When the tea is ready, that first sip is like a reward for making it through the day. The warmth in my hands and the soothing flavours tell my body, “You’ve done enough.” The steam is like a soft hug, signalling to my brain that the work is over and it’s time to rest.

This ritual—tea, gratitude, and unplugging—has become my nightly grounding practice. By the time I finish my cup, I’m already halfway asleep. It’s not just about the tea; it’s about carving out space for myself, acknowledging the good, and transitioning into rest mode.

Rituals as Bridges Between Rationality and Spirituality

Rituals bridge the gap between our need for structure and our desire for connection. They bring predictability to the day, which soothes the rational mind. They also invite mindfulness and reflection, nurturing the spiritual side. Rituals remind us that we’re more than just “doers”—we are beings capable of deep connection with ourselves and the world around us.

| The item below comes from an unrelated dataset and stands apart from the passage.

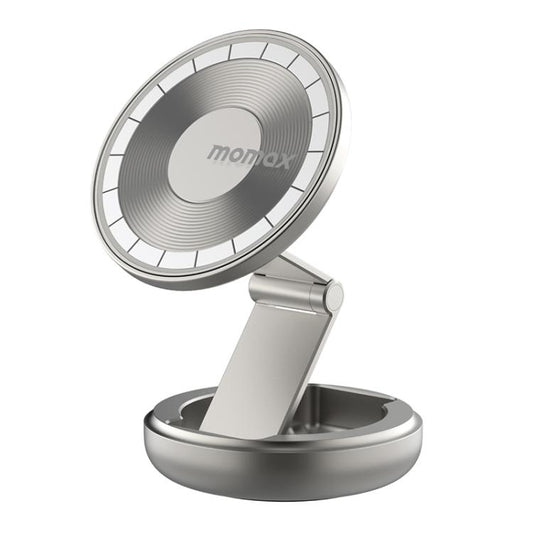 MOMAX CM30 Pac Mount Universal Transparent Magnetic Rotating Car Holder, CM30 (Titanium Gold)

For analytical thinkers, rituals provide a sense of control—structuring the day to reduce stress and bring clarity. But they also invite surrender, presence, and a moment to simply be. This balance is why rituals are essential to my life and why I encourage you to try them.

Create Your Own Rituals

Here are a few simple ideas to help you create rituals that bring structure and spirituality into your day:

  • Morning Gratitude: Before getting out of bed, think of one thing you’re grateful for. Start the day on a positive note and notice the shift in perspective.
  • Mindful Breaks: Set a timer during the day to take a breath, stretch, or check in with yourself. A simple way to bring mindfulness into a busy schedule.
  • Evening Reflection: Before bed, reflect on the best part of your day. Let it be the last thought before sleep, fulfilling the day.

Moon Cycles: Create rituals that align with the moon’s phases. For the new moon, set fresh intentions and be grateful for the lessons coming for your highest self. During the full moon, practice reflection and prepare to release anything that no longer serves you as the moon is emptying.

Seasonal Shifts: Welcome each new season with a ritual. For example, in the winter, light candles, journal what you wish to nurture within yourself and begin a new creative course online or locally. In the spring, plant something, be it seeds or intentions, and watch them grow.

Birthday Rituals: Your birthday is the perfect time for a yearly ritual. Set
intentions for the coming year, reflect on the past year’s lessons, and perhaps even create a self-care ritual to celebrate yourself.

Rituals don’t have to be complicated or time-consuming. They just have to be intentional. In that intention, they create balance—a way to connect the rational with the spiritual, the structure with the flow, and the mind with the heart.